Axiomatic system A also uses logic.
How can something that employs logic (argument I) be outside something that too uses logic (axiomatic system A). At the very least they overlap in utilizing logic.
Steel manning: Gödel has used axiomatic system A to prove G that claims it does not use axiomatic system A. Contradiction!
Is argument K any good? Have an awesome day.
EDIT 1 START
(A big thank you to Conifold and Scott Rowe)
Note that G is true in(side) axiomatic system A. Argument I (Gödel's argument) is outside axiomatic system A (re Conifold's comment) then. How is this possible? I'm stumped. Gödel didn't use any of the axioms of A and proved that there's a true statement in A that isn't provable from the axioms of A.
How does one define as being in(side) axiomatic system A? I would say, naïvely perhaps, that for a theorem or proposition to be in(side) axiomatic system A, it would need to be derived/proved from the axioms of A.
If G is in(side) A (G has to be inside axiomatic system A for Gödel's proof) then it has to be provable from the axioms of A. That's what being in(side) an axiomatic system means, conventionally.
But Gödel's argument G claims it is not provable from the axioms of the axiomatic system A.
This is a contradiction.
EDIT 1 END
EDIT 2 START
The Gödel sentence G has to be
But, analogoulsy, E = Aliens exist, is also constructible, but this has no aletheic import.

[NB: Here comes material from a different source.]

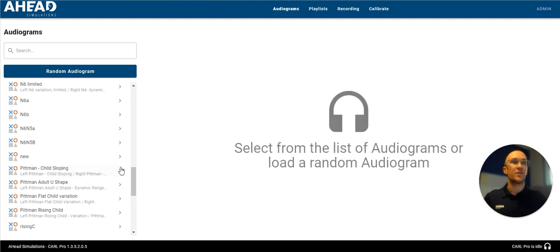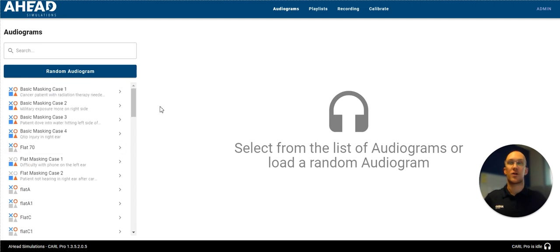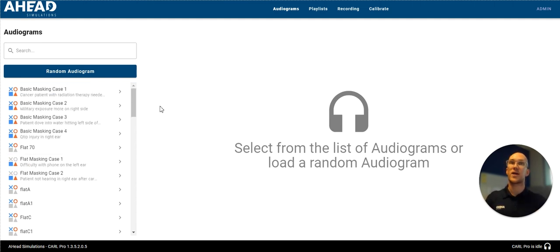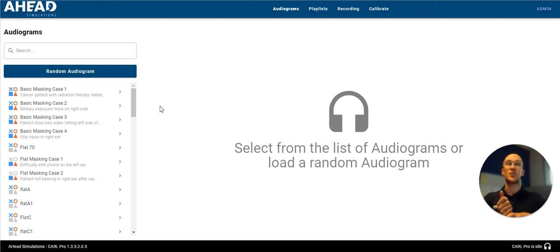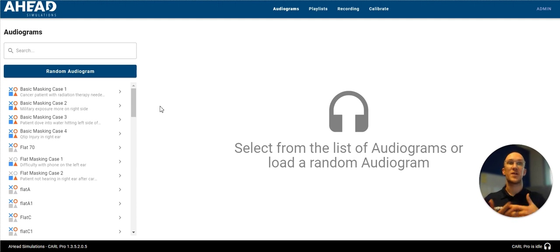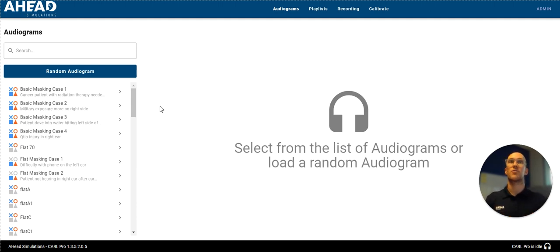To what you can do with your Carl Pro and a few recommendations to get up and going. Again, number one, switch the ear that came with your Carl. Number two was record. Number three was calibrate your Carl. Number four, create your own audiogram. And number five, test Carl's hearing.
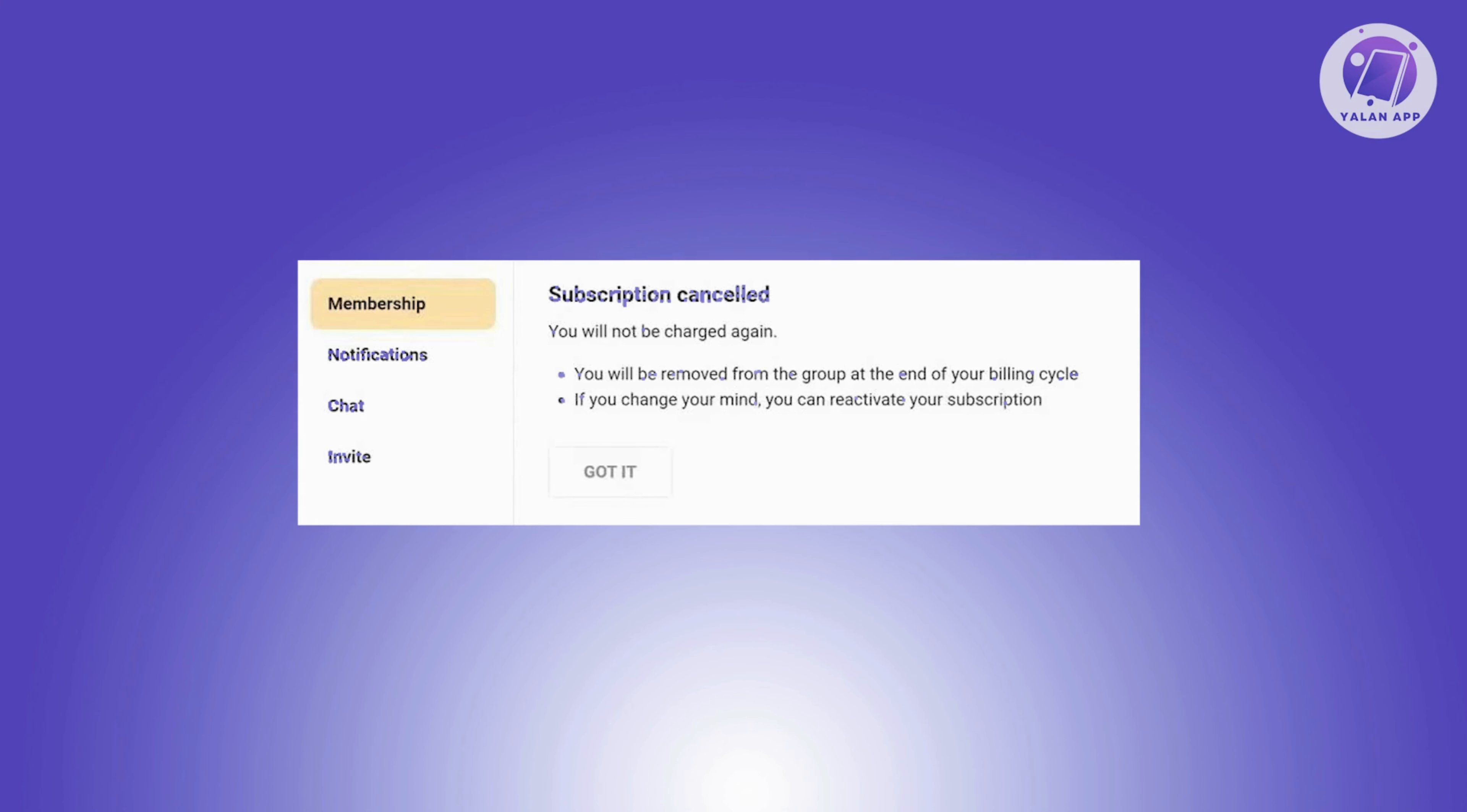You have until the end of your current month's subscription or before the next billing cycle. This means there are still a few days that you can access your Skool subscription as long as your current subscription that you've already paid for is still active.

E can be true/false. Likewise G can be true or false. So much for being constructible.
According to articles that I read on Gödel's eponymous theorems, the only "proof" we have that G is true is G itself: G asserts G is true. Isn't this a circulos in probando akin to the Bible Fallacy: The Bible is true "because" The Bible asserts The Bible is true??
EDIT 2 END